In 1992, the Santa Elena coastal region of Ecuador was the site of a widespread cholera epidemic affecting a population of 50,000 people. In addition, typhoid, dengue, and malaria were major public health problems. Sporadic medical intervention failed to bring control. Rotary International, responding to pleas from local clubs, issued a call for assistance. An Oregon-based NGO, Public Health International, (PHI), answered. PHI worked with individual volunteers and 65 elected vollage committees to form local public health systems in which villagers controlled their own public health conditions. "Salud Para el Pueblo", as the health systems have come to be known, has become a successful model of grass-root public health intervention. "Salud" has achieved near universal point-of-use water disinfecting, a 95% level of latrine construction (from an initial 10%), development of basic water systems in half the region's communities, implementation of a garbage collection and management system, and a full-scale vector and rabies control program. Cholera has been eliminated and there has been a sharp decline in other diarrheal diseases, even during the El Nino crisis. "Salud" has been invited to work with villages in Peru and Nicaragua and to expand in Ecuador. It is proposed for extension to population centers in the Galapagos Islands. Although currently dependent on external funding, "Salud" will generate sustaining funding as manager of a first-of-its-kind water district in Ecuador.

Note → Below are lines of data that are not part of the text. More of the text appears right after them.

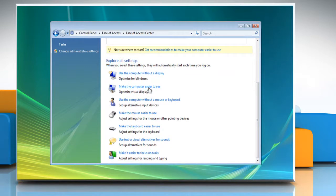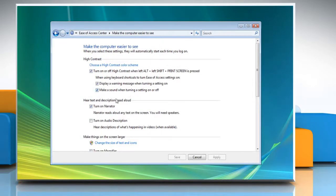To stop Windows from running Narrator automatically every time you log on, uncheck Turn on Narrator and then click Save.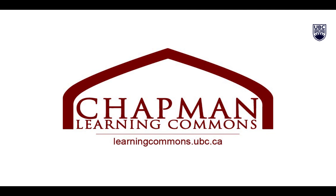Now you know how to use your mic, camera, chat, and leave a meeting in Zoom. Thanks for watching. For more information, visit learningcommons.ubc.ca.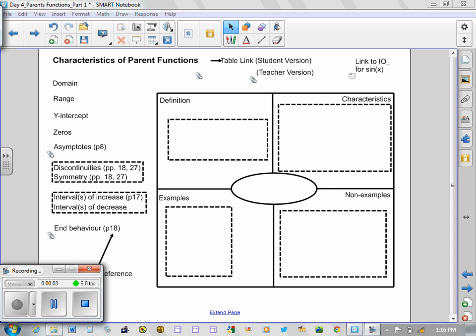Okay, welcome back to the second part of our lesson on parent functions. This particular video should not be of any great length; it's simply being done to set the stage for work that will occur in the future. When you come back into the classroom on Monday or whatever day it is that we happen to pick this up, we're going to be focusing on these terms which I have listed along the left-hand side.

Learning Objectives: An instructional model demonstrating effective community organization and sustained motivation to provide effective preventive public health service
Presenting author's disclosure statement:
Organization/institution whose products or services will be discussed: None
I do not have any significant financial interest/arrangement or affiliation with any organization/institution whose products or services are being discussed in this session.